Work on the cultural shaping of intergenerational ties focuses on generation in its genealogical sense as a descent relationship. Interest in intergenerational family relationships has existed since the beginnings of anthropology as a discipline, largely due to the analysis paid by anthropologists to kinship systems. Since about the 1970s, the majority of work on intergenerational ties has come out of the subfield of anthropology of aging, where one of the central research issues has surrounded the degree to which the elderly can expect to receive various forms of support from their younger relatives. Research on intergenerational ties, however, goes well beyond the (interesting and important) problem of how the elderly are cared for, to speak to broader conceptions about the nature of the family, the relationship between individuals, families and the state, and the social-moral order.

Lamb (2000) examines such problems through a focus on West Bengal, India. She finds that Bengalis perceive intergenerational family relations to entail long-term bonds of reciprocal indebtedness extending throughout life and even after death. Juniors provide care for their elderly parents, reconstruct relations with parents as ancestors after death, and ritually nourish these ancestors, as a means of repaying the tremendous ‘debts’ owed for producing and caring for them in infancy and childhood. What parents once gave their children to produce and raise them—such as a body in birth, food, material goods, money, a home, forms of love, the cleaning of urine and excrement— children are expected to provide in return for their parents years later in old age and after death. (Children, for instance, construct new spirit-bodies for their parents as ancestors, parallel to the bodies parents create for their children in birth). Other anthropologists have found that relationships of lifetime intergenerational reciprocity, conceptualized and practiced in varying ways, are not uncommon cross-culturally (see, e.g., Cattell 1990).




The shaping of intergenerational ties can bear significance beyond the family as well, to implicate the social-moral-political conditions of a broader society and nation.

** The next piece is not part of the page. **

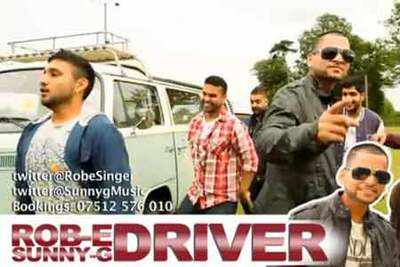 Rob-E & Sunny-G: Driver Promo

Indian discourses, for instance, present close, multigenerational families as signifying a ‘good’ and ‘Indian’ society; whereas disintegrating generational ties—the break-up of joint families, uncared-for old people, independent daughters-in-law—are held to be paradigmatic signs of a widely degenerate ‘modern,’ postcolonial, and urbanizing era (Cohen 1998, Lamb 2000).

Some anthropologists argue that the shaping of intergenerational ties can be understood through scrutinizing surrounding cultural values. Simic (1983) suggests links between an American model of intergenerational relations and a broader cultural orientation toward self-fulfillment and individualism. Children in middle-class, Anglo–American households maintain their own rooms and possessions, and by about age 18 are expected to move out and live separately from their parents. Though parents often extend financial aid to their children after they have left home, Simic observes, ‘it is almost always with the overt rationale of helping them get established as independent units, rather than creating a binding reciprocity of mutual dependence between the two generations.’ In later life, this same ideology prevails: among the aged economic independence is a fundamental value; dependency is ‘demeaning.’

In general, research has shown that in developing countries, intergenerational family relations tend to be closer and more mutually interdependent than in capitalist, industrial settings, although many important exceptions can be found (see Albert and Cattell 1994, Sokolovsky 1990). A wealth of careful, detailed, cross-cultural data on generational ties has been produced by anthropologists, revealing a profound variety in the ways intergenerational relationships are conceived, maintained, practiced, and given value.

2. Generation As An Element Of Social Organization

Anthropologists have also examined the ways social and cultural groups employ some concept of generation to organize social relationships beyond the family. Many cultures group people into generationdefined categories, taking some notion of genealogical succession within the family and extending it to think about broader social relations (Kertzer 1979). Examining generation in this sense, as a principle of social organization, has allowed especially social anthropologists and those concerned with social structure to address questions about the very ordering and continuity of societies (e.g., Baxter and Almagor 1978, Eisenstadt 1956, Fortes 1984).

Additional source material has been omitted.